The Globe and Mail is Canada's newspaper of record, serving the purposes of both the New York Times and the Wall Street Journal. Today's Globe features two climate change stories on the front page, and one on the editorial page.

The editorial sums up the Globe's position on the main story. The story asserts that Canadian Kyoto compliance would require a 1/3 reduction in greenhouse gas net emissions per year spread over the next five years. So it is not hard to credit the following:


"I believe the economic cost would be at leaqst as deep as the recession in the early 1980s. ..." Mr. Drummond writes in a letter.

It will be difficult for the Liberals to attack Mr. Drummond, a senior Canadian economist whom [the Liberals among others] have consulted over the years.


Showing that for politicians, having politics trump actual reality is not a phenomenon that is unique to one side or the other of the political spectrum, the Liberals are happy to score cheap points off a problem that is of their own making. (They were the majority party during most of the Kyoto years, while Canada's emissions burgeoned.)

I am interested in making a case that economists should not be listened to on long time scales, but the other side of the coin is that their advice is indeed valuable on short time scales.

Canada has already procrastinated to the point where meeting Kyoto protocols is an impractical goal. It is ludicrous to suggest starting now to meet those goals, and it is offensive for the party that promoted those increases to blame the failure on the new conservative government.

Canada should strive to meet and exceed Kyoto goals as quickly as is possible without major disruption. Avoiding major disruption is, after all, the point of reducing emissions. Starting out with a major disruption misses the point.

(None of this is to offer much enthusiasm for the Harper government which is making plenty of other mistakes, like rolling back gun registration laws. But that's for another time and place.)
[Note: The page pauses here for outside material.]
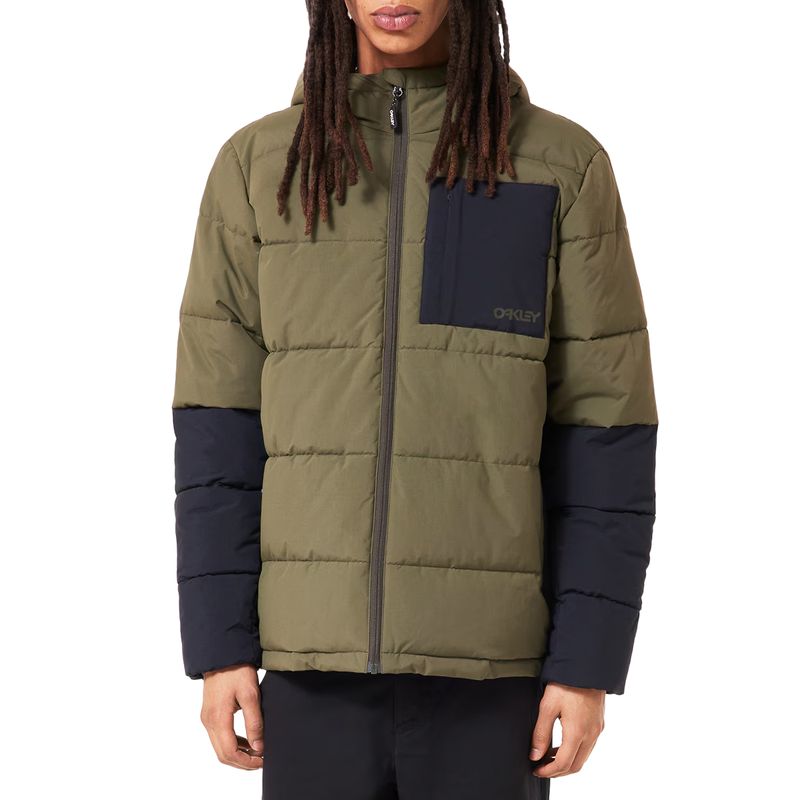 UOMO-OAKLEY-GIUBBINI-1573750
Indeed, the Globe's editorial page, in my opinion, more-or-less rightly summarizes:


The opposition MPs, led by the Liberals, have let crass politics trump their policy judgment. The federal government cannot and should not take such drastic action to meet Kyoto goals.

None of this letts Ottawa off the hook. Global warming is real. The Tories have a duty to produce a substantive package of market-based policies that would foster real reductions, albeit at a slower pace. But the federal government cannot destroy Canada to save it.


Well, whether the policies are market-based or not, they need to happen. The idea of Kyoto was that we would have 15 years to reduce modestly, not ten years to grow rapidly and then 5 to shrink spectacularly. The second plan makes no sense, and pretending it does to make cheap political points is not the way out of our predicament.

The second GHG related story states that Ontario intends to eliminate sales of incandescent bulbs by 2012. Good. Not market based at all. Purely regulatory, and perfectly appropriate.

2 comments:

Dano said...

Please don't stop blogging.

Best,

D

Michael Tobis said...

Thanks, D!

Please do pass it along. I crave the attention.